Merveilleux effet d'une organisation perfectionnée par l'étude et par l'observation ! Tout ce qui semblerait devoir affaiblir la sensation, pour augmenter la part de l'intelligence, tourne au profit de cette même sensation. Nul doute qu'une musique médiocre ou mauvaise ne soit plus pénible à entendre pour un artiste habile que pour l'homme du monde incapable d'en apercevoir les défauts ; sous ce rapport celui-ci a l'avantage ; mais aussi combien les jouissances du premier sont plus vives, si toutes les conditions désirables se trouvent réunies dans une composition ! Ces conditions ne sont nécessaires qu'autant qu'elles concourent à la perfection ; mais la perfection résulte de choses si délicates, si fugitives, qu'on ne peut la sentir qu'autant que ces choses sont à la portée de l'intelligence et qu'on s'est familiarisé avec elles. De là vient que les simples curieux n'aperçoivent point la différence qui se trouve entre un tableau de Raphaël et un ouvrage du Corrège ou du Guide. On ne peut mettre en doute que la perfection ne procure des plaisirs plus purs que ce qui n'en est que l'à peu près ; mais la perfection ne se voit que lorsqu'on a appris à la voir; il faut donc l'apprendre. Qu'on retourne la question comme on voudra, il faudra en venir à cette conclusion.

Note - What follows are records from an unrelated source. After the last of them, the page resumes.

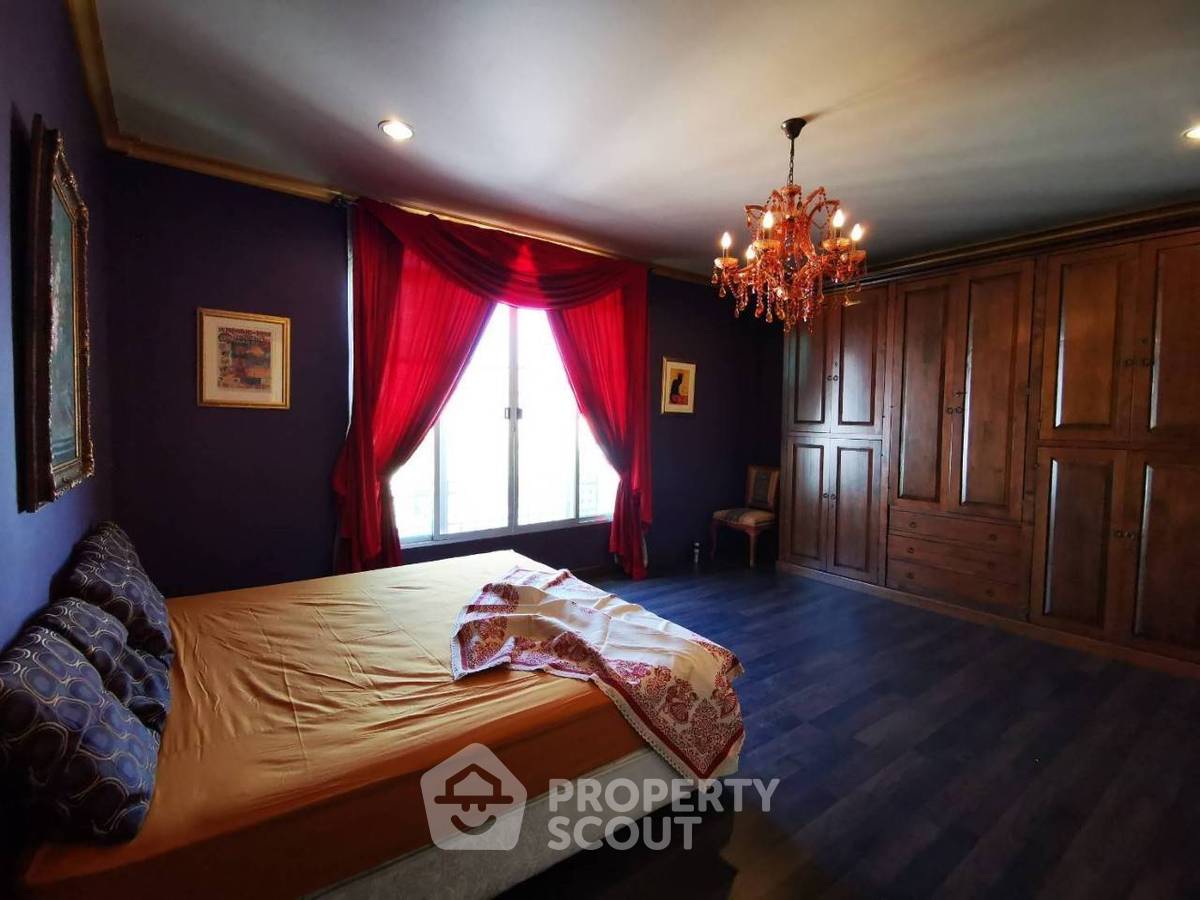 รูป ทาวน์เฮ้าส์ 3 ห้องนอน ให้เช่า | บ้านกลางกรุง Grande Vienna พระราม 3 (ID 440834) - รูปที่ 6/22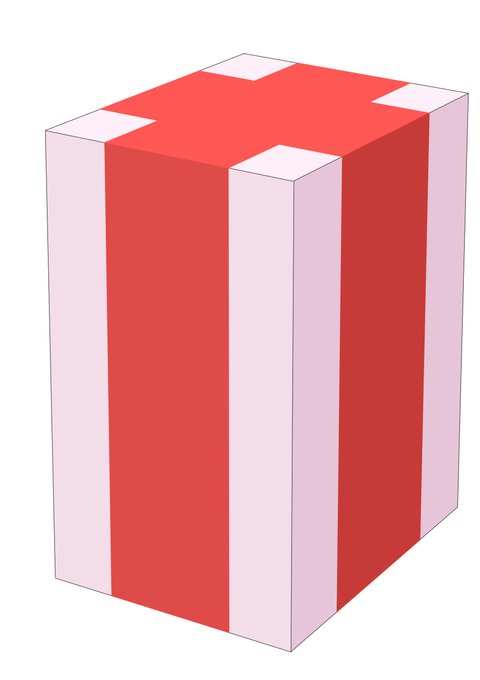 サンタさん捕まえた 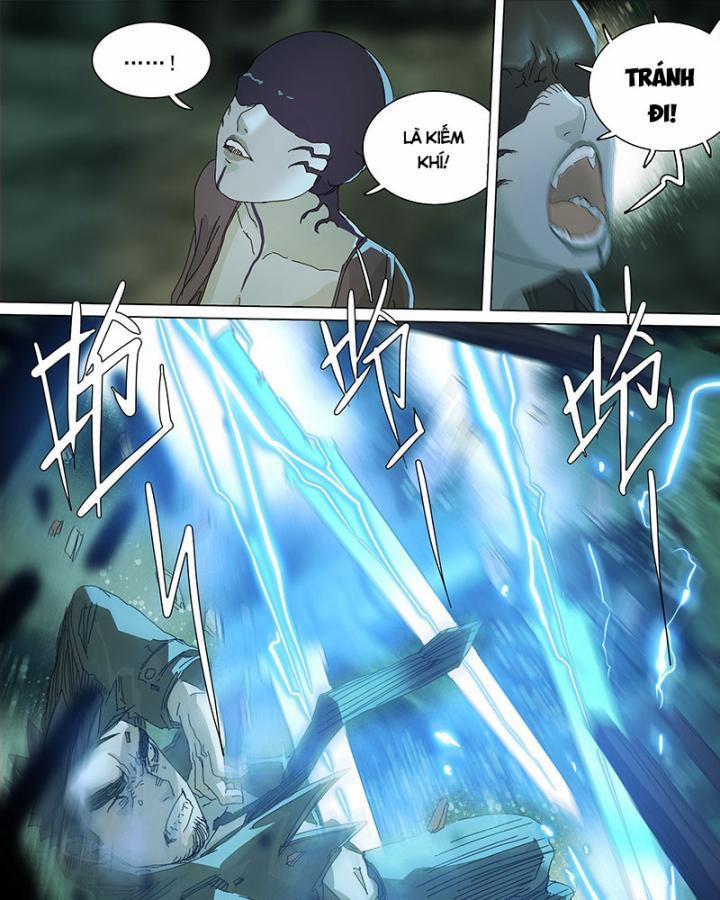 Sơn Thượng Chi Nhân 60 trang 54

Apprendre à faire des analyses du principe des sensations musicales est sans doute une étude qui détourne l'attention de ce qui pourrait flatter les sens ; cette étude trouble le plaisir qu'on éprouverait à entendre de la musique ; mais qu'importe, si l'on ne fait que suspendre ce plaisir pour le rendre plus vif ! Chaque jour l'étude deviendra moins pénible, dès qu'on en aura contracté l'habitude, et le moment viendra où l'analyse se fera sans qu'on y prenne garde, et sans que les sensations en soient troublées. Si l'on pouvait se rendre compte des changements qui s'opèrent dans la manière de sentir et apprécier les beautés et les défauts des œuvres musicales par le seul fait de l'habitude, et indépendamment de toute connaissance positive, on remarquerait que, non seulement le goût se modifie, mais qu'on finit par faire jusqu'à un certain point de ces analyses dont je viens de parler, sans le savoir, et sans en connaître les règles. De là vient que des habitués des théâtres lyriques ont un jugement plus sûr que ceux qui n'assistent aux représentations d'opéras que de loin en loin. Il est évident que ce qu'on fait sans guide, on peut le faire mieux si l'on est guidé. Tout ce qu'on débite dans le monde et dans les livres sur la sensibilité naturelle pour les arts, et sur l'altération de cette sensibilité par l'observation, n'est ni fondé, ni raisonnable; mais la paresse s'accommode de ces préjugés.